Wire is wire. No difference.

Well, I'm going to have to offer a small exception to that statement.  As long as you buy real copper wire, that's pretty much true.  However, if you end up with the cheap Chinese CCA stuff that's copper coated aluminum, it's pretty much junk, and there is a significant different, both in soldering it and it's performance.  I can personally attest to getting burned by CCA junk before correcting my mistake.   Here's one of many pages on the different characteristics of the two types of wire.

Copper Clad Aluminum vs. Pure Copper Cables

I use #12 Copper Clad Aluminum "speaker wire" for my buss. Crimp-connectors and/or standard wire nuts. No problems which is no surprise because overkill. I would NOT attempt to solder the stuff. 18Ga CCA speaker wire for track-power drops.

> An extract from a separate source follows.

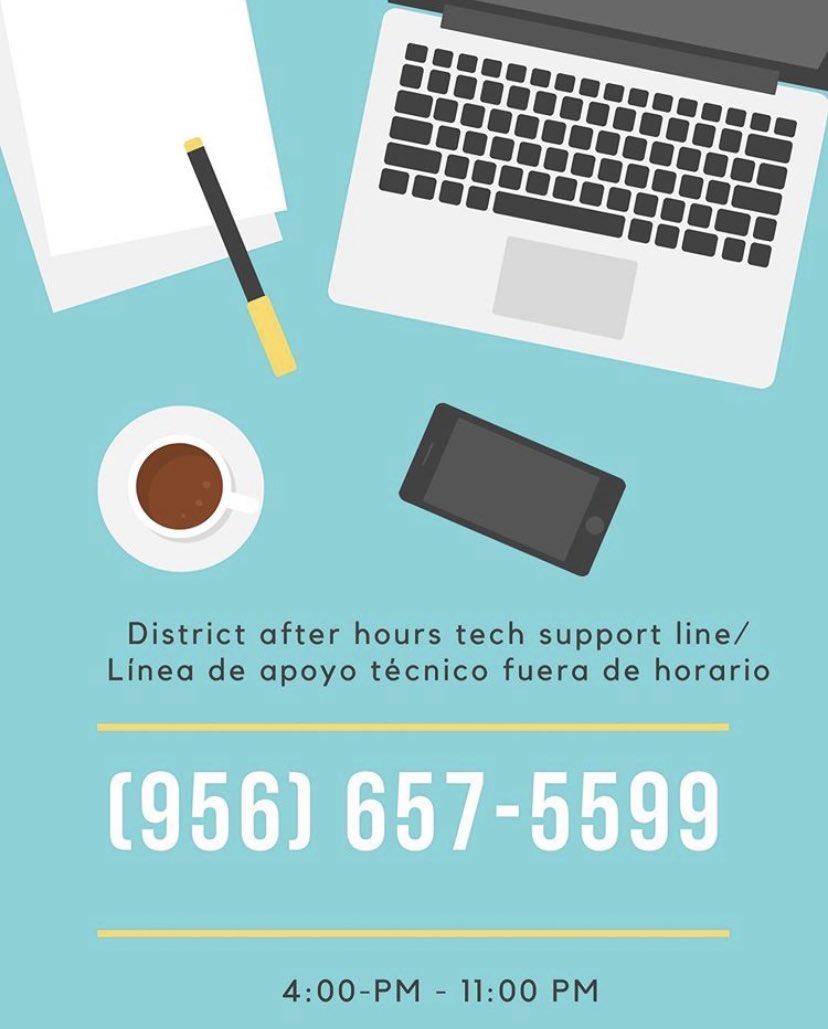 brownmslibrary's tweet photo. Mcallen ISD is offering after hours tech support.  @bmsdobies https://t.co/qQwPZwnDh8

The reason aluminum wire got a bad rep is because it must be mated with electrolytically compatible terminals or else electrolysis produces high-resistance at connections which in turn leads to high temperatures which eventually leads to fire. CCA (coating the aluminum conductors with copper) eliminates the problem for low voltage low power applications (speaker wire). Aluminum wire is successfully used today for [high power] home service entrance because all terminal products are made with compatible metals.

I don't have an issue with service entrance and large appliances using aluminum wire, they specifically design for it and size the wire to suit.  They also use specific terminations that are fully compatible with pure aluminum wire.

I'm well aware of the aluminum wiring issue of the 60's and the problems it created.  Even with the AL/CU fixtures, aluminum wire is no panacea, it's brittle and more easily damaged, doesn't bend as well, and is higher resistance.

However, any wire I'm going to have to solder needs to be pure copper.  The CCA wires is very difficult to solder, if you get it to solder at all.  IMO, CCA wire has no place near a layout, and most certainly will have no representation with my layout that I'm wiring now!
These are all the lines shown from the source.